[DESCRIPTION OF THE TASK] Wherever the word "Outdoor" appears in a line of the records, copy that line.

[DATA SUPPLIED]
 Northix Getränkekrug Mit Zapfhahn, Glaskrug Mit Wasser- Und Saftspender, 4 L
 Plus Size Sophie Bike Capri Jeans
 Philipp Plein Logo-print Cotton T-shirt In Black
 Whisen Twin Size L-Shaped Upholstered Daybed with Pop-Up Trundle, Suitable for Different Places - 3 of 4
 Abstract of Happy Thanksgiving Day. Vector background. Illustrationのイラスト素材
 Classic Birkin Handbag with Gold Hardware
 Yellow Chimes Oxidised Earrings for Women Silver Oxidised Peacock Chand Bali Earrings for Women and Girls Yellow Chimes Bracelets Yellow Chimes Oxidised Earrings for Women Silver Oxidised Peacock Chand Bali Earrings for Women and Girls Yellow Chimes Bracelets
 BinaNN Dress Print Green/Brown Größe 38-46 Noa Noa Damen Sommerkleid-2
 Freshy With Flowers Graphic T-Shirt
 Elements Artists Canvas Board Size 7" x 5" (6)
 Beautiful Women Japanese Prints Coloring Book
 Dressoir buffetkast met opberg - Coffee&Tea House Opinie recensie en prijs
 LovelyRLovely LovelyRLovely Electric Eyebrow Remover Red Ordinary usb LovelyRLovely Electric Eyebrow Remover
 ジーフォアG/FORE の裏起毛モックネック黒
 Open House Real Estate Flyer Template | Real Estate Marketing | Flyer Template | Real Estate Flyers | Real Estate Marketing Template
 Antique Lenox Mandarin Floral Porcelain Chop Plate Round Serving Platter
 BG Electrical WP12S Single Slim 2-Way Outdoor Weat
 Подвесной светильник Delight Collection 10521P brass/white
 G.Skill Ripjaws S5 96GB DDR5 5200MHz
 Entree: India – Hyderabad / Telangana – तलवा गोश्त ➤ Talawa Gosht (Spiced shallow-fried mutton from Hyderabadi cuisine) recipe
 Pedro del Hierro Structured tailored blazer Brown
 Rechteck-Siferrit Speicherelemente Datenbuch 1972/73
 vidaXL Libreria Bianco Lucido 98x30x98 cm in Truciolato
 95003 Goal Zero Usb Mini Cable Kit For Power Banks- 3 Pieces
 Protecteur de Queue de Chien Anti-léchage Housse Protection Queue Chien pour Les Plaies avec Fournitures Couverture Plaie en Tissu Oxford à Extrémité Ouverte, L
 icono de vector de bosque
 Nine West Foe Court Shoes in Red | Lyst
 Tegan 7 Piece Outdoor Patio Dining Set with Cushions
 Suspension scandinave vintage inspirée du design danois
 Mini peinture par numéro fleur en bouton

[REPLY]
 BG Electrical WP12S Single Slim 2-Way Outdoor Weat
 Tegan 7 Piece Outdoor Patio Dining Set with Cushions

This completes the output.